Israeli President Shimon Peres applauded Iran's pro-reform protesters on Sunday, saying the young should "raise their voice for freedom" _ an explicit message of support from a country that sees itself as most endangered by the hard-line government in Tehran.
Peres, a Nobel peace prize laureate whose duties are largely ceremonial, suggested the protesters could bring down their leaders. Protesters took to the streets after a disputed June 12 presidential election that saw a victory for Mahmoud Ahmadinejad, the incumbent. Ahmadinejad has repeatedly called for Israel's destruction.
"Let the young people raise their voice for freedom, let the Iranian women ... voice their thirst for equality," Peres told a gathering of world Jewish leaders.
If the protests continue, Peres said, "hopefully the poor government will disappear."

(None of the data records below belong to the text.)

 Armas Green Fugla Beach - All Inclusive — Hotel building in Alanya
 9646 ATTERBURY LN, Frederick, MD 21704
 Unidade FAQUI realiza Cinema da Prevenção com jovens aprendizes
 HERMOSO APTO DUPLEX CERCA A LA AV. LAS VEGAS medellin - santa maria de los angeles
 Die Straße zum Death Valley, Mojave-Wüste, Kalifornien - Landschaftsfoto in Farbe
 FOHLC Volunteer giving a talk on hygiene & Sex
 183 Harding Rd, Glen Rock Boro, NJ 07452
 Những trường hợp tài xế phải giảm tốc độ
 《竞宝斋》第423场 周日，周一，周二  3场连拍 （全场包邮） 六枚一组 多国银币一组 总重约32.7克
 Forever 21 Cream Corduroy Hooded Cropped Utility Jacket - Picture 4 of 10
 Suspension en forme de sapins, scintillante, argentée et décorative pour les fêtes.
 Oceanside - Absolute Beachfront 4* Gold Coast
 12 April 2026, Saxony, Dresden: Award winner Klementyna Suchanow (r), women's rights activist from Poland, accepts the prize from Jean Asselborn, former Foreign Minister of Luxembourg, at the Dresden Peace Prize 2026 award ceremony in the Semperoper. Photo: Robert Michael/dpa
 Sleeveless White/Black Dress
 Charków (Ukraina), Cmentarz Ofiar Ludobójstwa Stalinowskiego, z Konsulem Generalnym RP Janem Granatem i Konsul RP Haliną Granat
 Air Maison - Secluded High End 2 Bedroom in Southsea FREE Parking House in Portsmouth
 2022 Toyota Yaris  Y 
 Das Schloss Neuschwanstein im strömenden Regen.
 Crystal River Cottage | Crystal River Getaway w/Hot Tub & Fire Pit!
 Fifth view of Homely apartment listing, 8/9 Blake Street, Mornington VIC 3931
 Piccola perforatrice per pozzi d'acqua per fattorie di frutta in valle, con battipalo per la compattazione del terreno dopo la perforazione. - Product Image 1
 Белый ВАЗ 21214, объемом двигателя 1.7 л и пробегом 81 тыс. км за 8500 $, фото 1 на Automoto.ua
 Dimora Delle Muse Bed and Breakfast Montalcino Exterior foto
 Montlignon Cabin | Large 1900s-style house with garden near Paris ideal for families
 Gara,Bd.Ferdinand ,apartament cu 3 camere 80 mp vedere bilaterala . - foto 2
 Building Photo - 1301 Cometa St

Israel believes Iran is developing nuclear weapons that could target Israel _ a charge Iran denies. The Israeli government says it prefers to see Iran's nuclear program stopped through diplomacy, but has not ruled out a military strike.
Israel is also concerned about Iran's close support for two of its most committed enemies, Hezbollah guerrillas in Lebanon and Hamas militants in the Gaza Strip.
Israeli officials have said little so far about the Iranian protest movement, which has topped news broadcasts here since demonstrations erupted more than a week ago. Initially, officials here indicated they saw little difference between Ahmadinejad and his rival, Mir Hossein Mousavi, who asserts he won the election. Ahmadinejad has made verbal assaults on Israel a centerpiece of his rhetoric and has also called the Holocaust a "myth."